SETD7 contains 366 amino acids and comprises three motifs in the membrane occupation–recognition nexus. This mono-methyltransferase can modify various substrates, including p53, KRAS, and Rb1 [
37,
38,
43,
44].
SETD7 is involved in several pathological processes, including abnormal development, aberrant tissue regeneration, and neurodegeneration. It functions as a tumor promoter in hepatocellular carcinoma [
45] and displays a direct association with drug resistance and cancer relapse. However,
SETD7 is also a tumor suppressor in
KRAS-driven NSCLC [
38]. Herein, we showed that
SETD7 knockdown contributed to enhanced NSCLC cell proliferation and that a high
SETD7 expression correlated with good survival outcomes in patients. This finding indicates that
SETD7 may be a tumor suppressor in LUSC. To date, only a few molecules, such as long non-coding RNAs, including small nucleolar RNA host gene 15 (
SNHG15) and miR-153-3p, have been shown to regulate
SETD7 expression [
46]. Here, we report for the first time that CHAF1B suppresses
SETD7 expression by binding to its promoter and inhibiting its transcription, and these findings provide the potential mechanisms for controlling SETD7 expression.

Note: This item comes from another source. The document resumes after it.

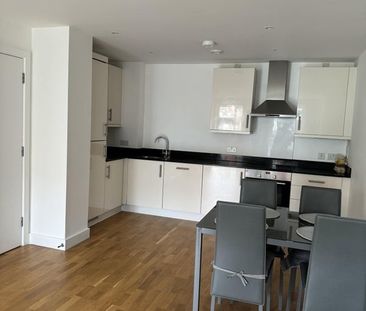 Room in a Shared Flat, Zenith Close, NW9 - Photo 4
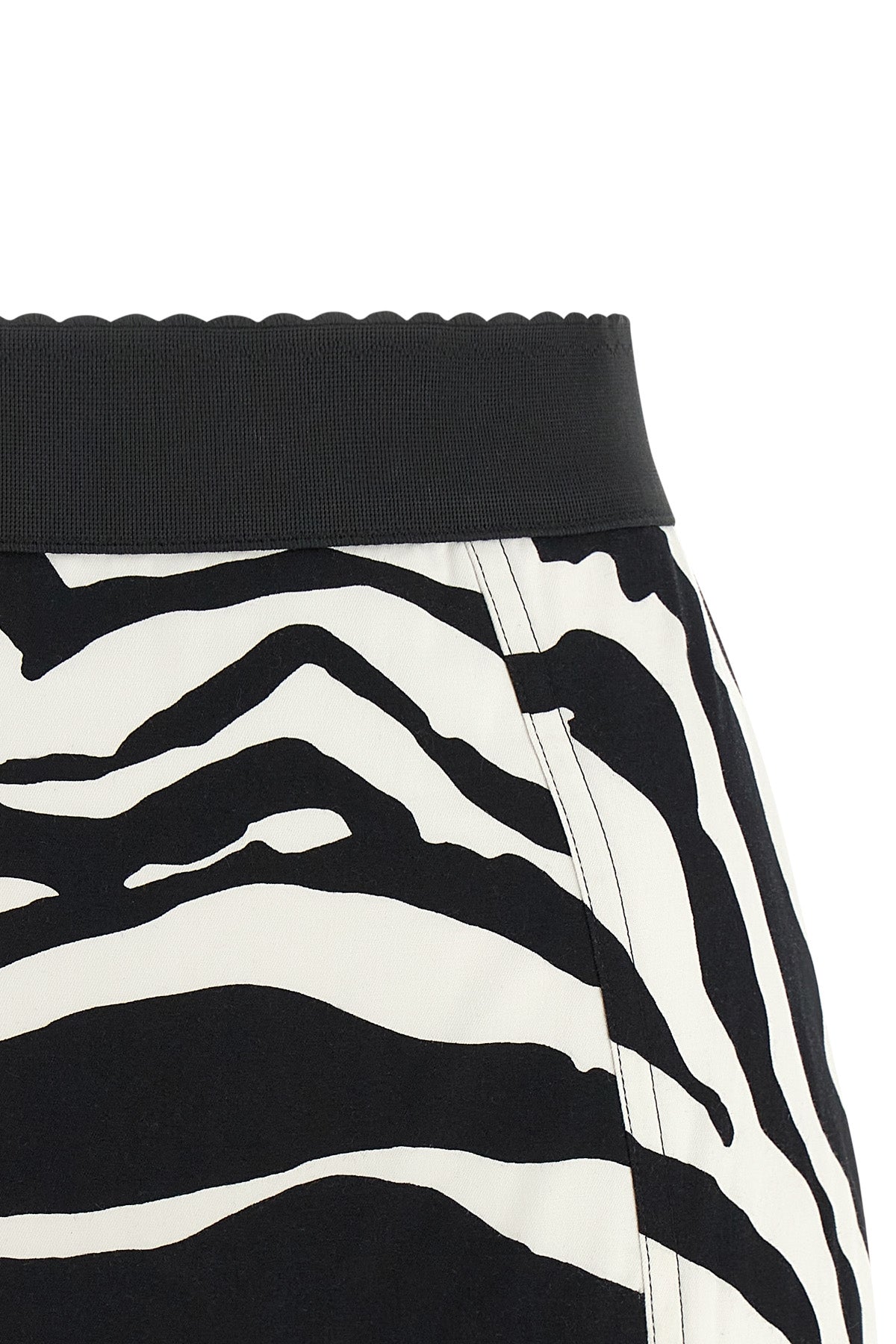 dolce & gabbana shorts redefine the hot-pants silhouette through a decisive sart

In conclusion, CHAF1B expression is elevated in patients with LUSC and inversely correlates with survival outcomes. Ectopic CHAF1B expression promoted LUSC proliferation in vitro and in animal models. RNA-seq revealed that SETD7 is a downstream target of CHA1B, and CHAF1B suppressed SETD7 mRNA levels, possibly through competitive binding to SETD7’s promoter site and interference with transcription factor promoter occupancy. This study suggests that CHAF1B may serve as an oncoprotein in LUSC tumorigenesis and that CHAF1B-targeted therapy may provide a potential therapeutic approach for LUSC.